• REQUIRED ACTION:
Starting at the line that contains "No Elephants in", quote each line exactly through the last line of the entries, both included.

(Crawled caption data)
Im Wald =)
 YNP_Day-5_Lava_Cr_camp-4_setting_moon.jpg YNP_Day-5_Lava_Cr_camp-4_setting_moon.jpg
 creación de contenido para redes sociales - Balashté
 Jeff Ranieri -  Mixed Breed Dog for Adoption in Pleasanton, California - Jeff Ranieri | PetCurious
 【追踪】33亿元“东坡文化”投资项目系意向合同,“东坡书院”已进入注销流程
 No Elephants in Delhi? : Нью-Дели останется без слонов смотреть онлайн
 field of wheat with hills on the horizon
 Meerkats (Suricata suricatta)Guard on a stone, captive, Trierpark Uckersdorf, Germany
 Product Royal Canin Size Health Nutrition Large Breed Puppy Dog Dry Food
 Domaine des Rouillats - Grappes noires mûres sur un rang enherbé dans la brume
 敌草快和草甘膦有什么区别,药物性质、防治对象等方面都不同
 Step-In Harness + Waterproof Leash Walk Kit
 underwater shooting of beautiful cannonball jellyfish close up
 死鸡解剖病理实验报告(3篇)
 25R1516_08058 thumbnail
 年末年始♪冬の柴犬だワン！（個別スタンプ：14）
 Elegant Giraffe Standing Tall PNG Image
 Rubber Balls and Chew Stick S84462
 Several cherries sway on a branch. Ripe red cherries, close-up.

• OUTPUT FOR THIS EXERCISE:
 No Elephants in Delhi? : Нью-Дели останется без слонов смотреть онлайн
 field of wheat with hills on the horizon
 Meerkats (Suricata suricatta)Guard on a stone, captive, Trierpark Uckersdorf, Germany
 Product Royal Canin Size Health Nutrition Large Breed Puppy Dog Dry Food
 Domaine des Rouillats - Grappes noires mûres sur un rang enherbé dans la brume
 敌草快和草甘膦有什么区别,药物性质、防治对象等方面都不同
 Step-In Harness + Waterproof Leash Walk Kit
 underwater shooting of beautiful cannonball jellyfish close up
 死鸡解剖病理实验报告(3篇)
 25R1516_08058 thumbnail
 年末年始♪冬の柴犬だワン！（個別スタンプ：14）
 Elegant Giraffe Standing Tall PNG Image
 Rubber Balls and Chew Stick S84462
 Several cherries sway on a branch. Ripe red cherries, close-up.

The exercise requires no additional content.